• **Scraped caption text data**
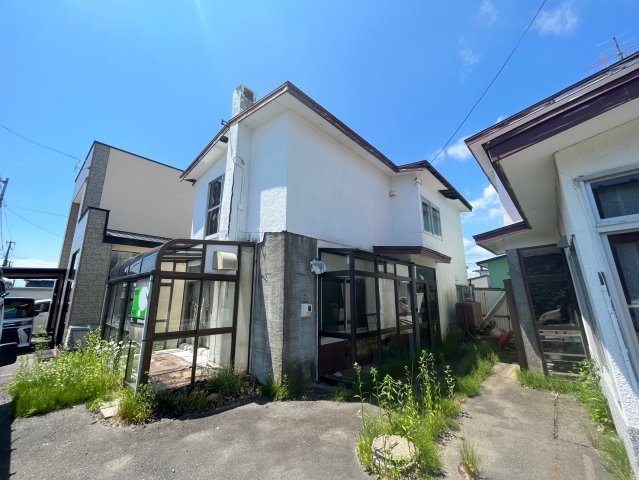 愛国東3丁目　売土地【解体更地渡し】の外観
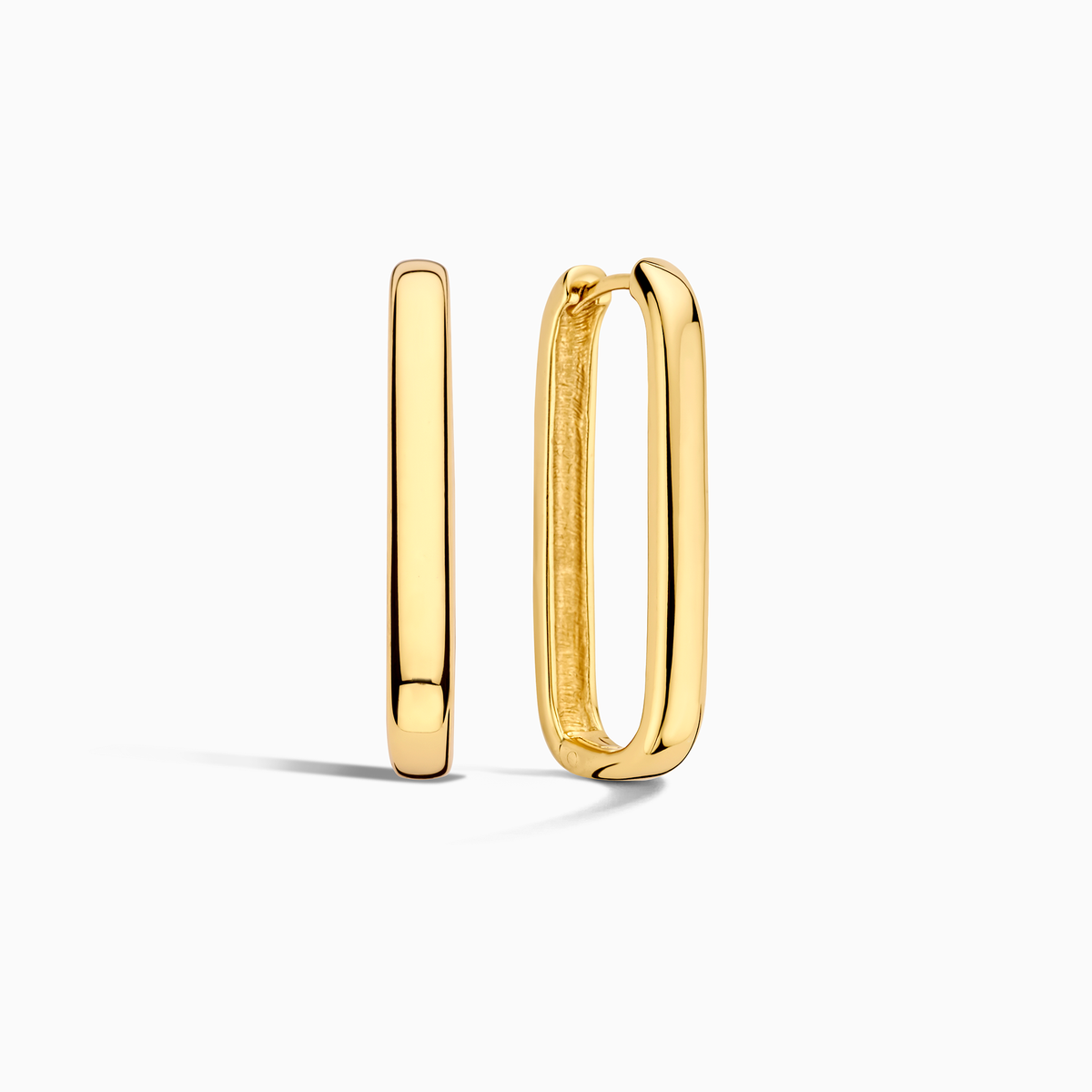 Icon Hoop Earrings | Gold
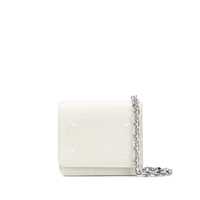 Portofele Maison Margiela Grainy Leather Wallet Chain Bags Femei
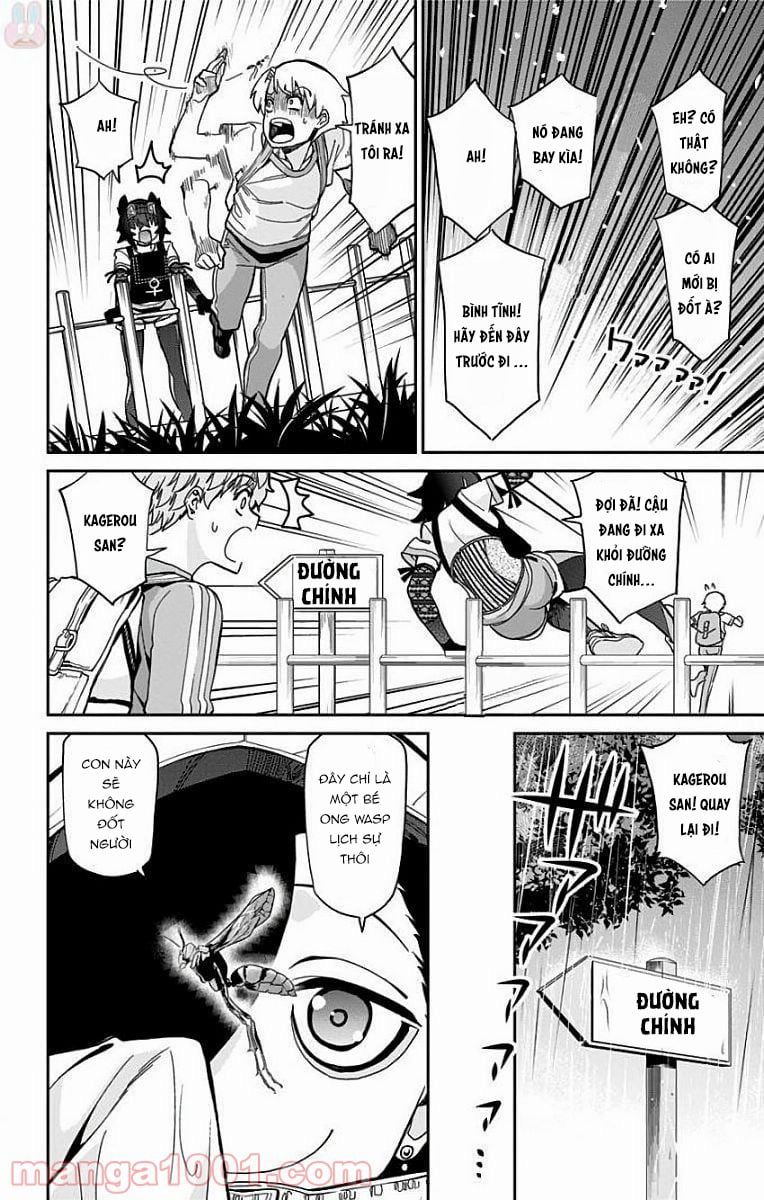 Mone-san No Majime Sugiru Tsukiaikata Chương 18 page 15 - Giả Dược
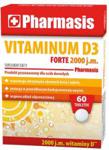 Pharmasis Vitaminum D3 Forte 2000 j.m. 60 tabl. musujących
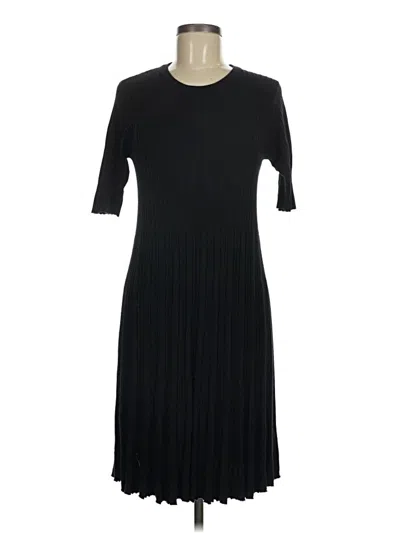 Pre-owned Cooperative Casual Dress In Black
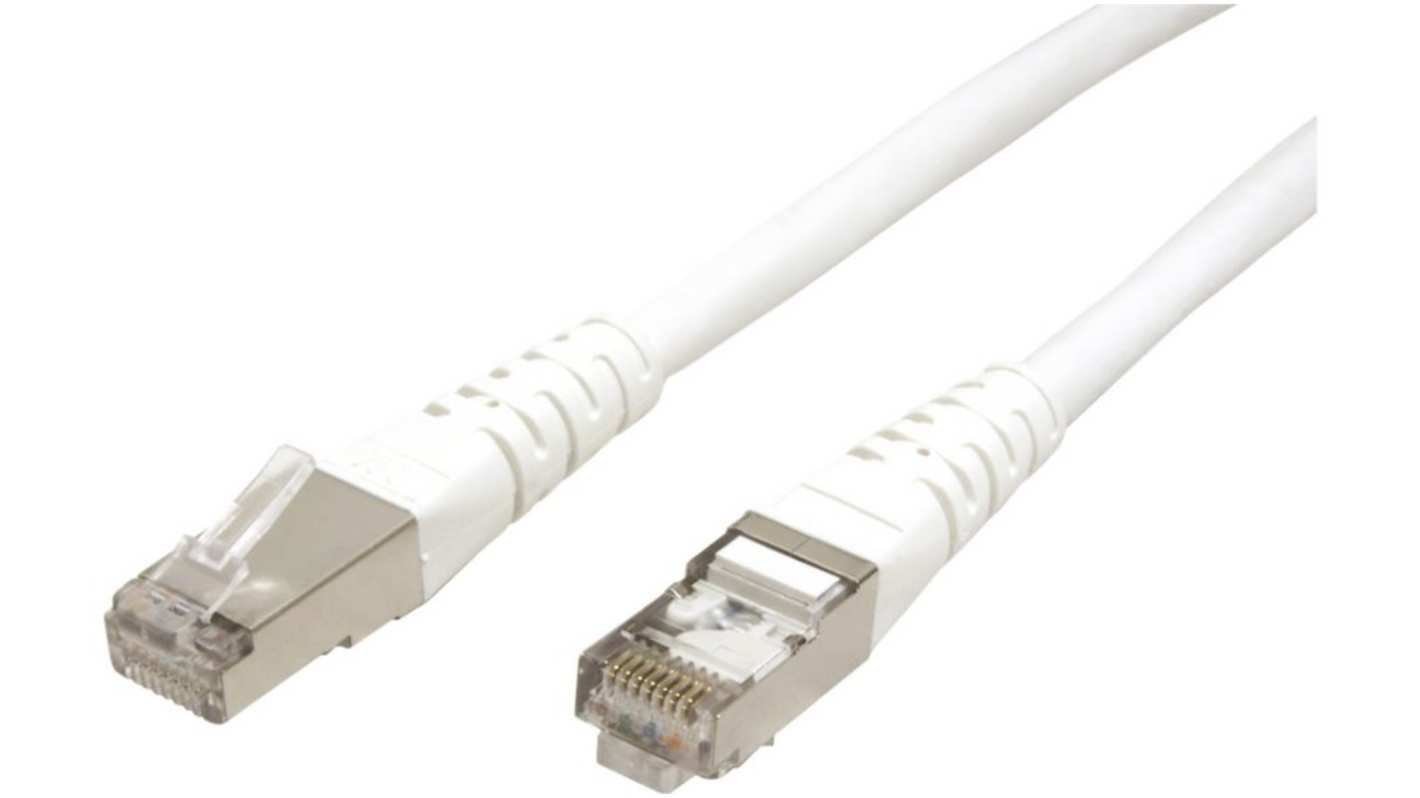 Kabel połączeniowy typu patch Cat6 długość 300mm Z zakończeniem Roline PVC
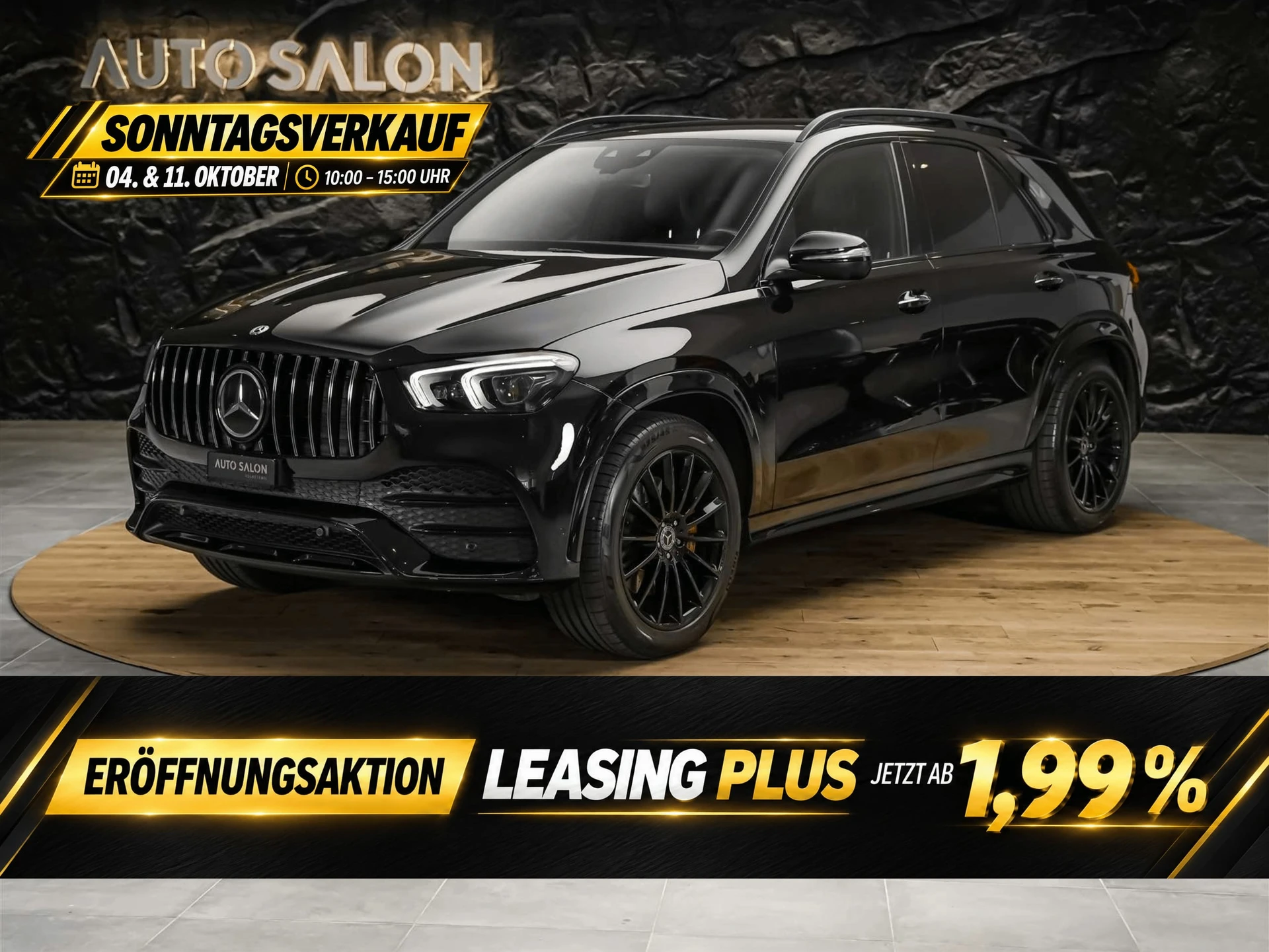 Mercedes-Benz GLE-Klasse GLE 300 d 4Matic AMG Line 9G-Tronic *CH Fahrzeug*7 Plätzer*AHK*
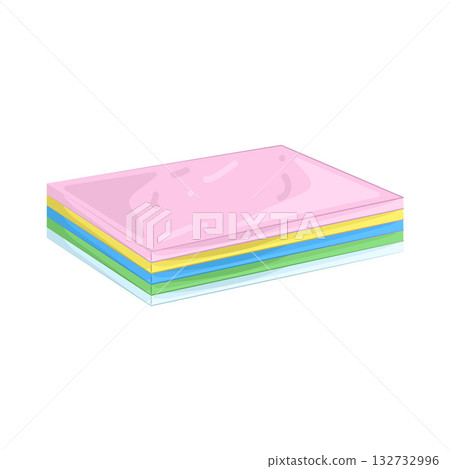 Illustration of sticky note 132732996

• **PROBLEM**
Once the pictures are removed, write out all of the entries above exactly.

• **SOLUTION FOR THIS TASK**
 愛国東3丁目　売土地【解体更地渡し】の外観
 Icon Hoop Earrings | Gold
 Portofele Maison Margiela Grainy Leather Wallet Chain Bags Femei
 Mone-san No Majime Sugiru Tsukiaikata Chương 18 page 15 - Giả Dược
 Pharmasis Vitaminum D3 Forte 2000 j.m. 60 tabl. musujących
 Pre-owned Cooperative Casual Dress In Black
 Kabel połączeniowy typu patch Cat6 długość 300mm Z zakończeniem Roline PVC
 Mercedes-Benz GLE-Klasse GLE 300 d 4Matic AMG Line 9G-Tronic *CH Fahrzeug*7 Plätzer*AHK*
 Illustration of sticky note 132732996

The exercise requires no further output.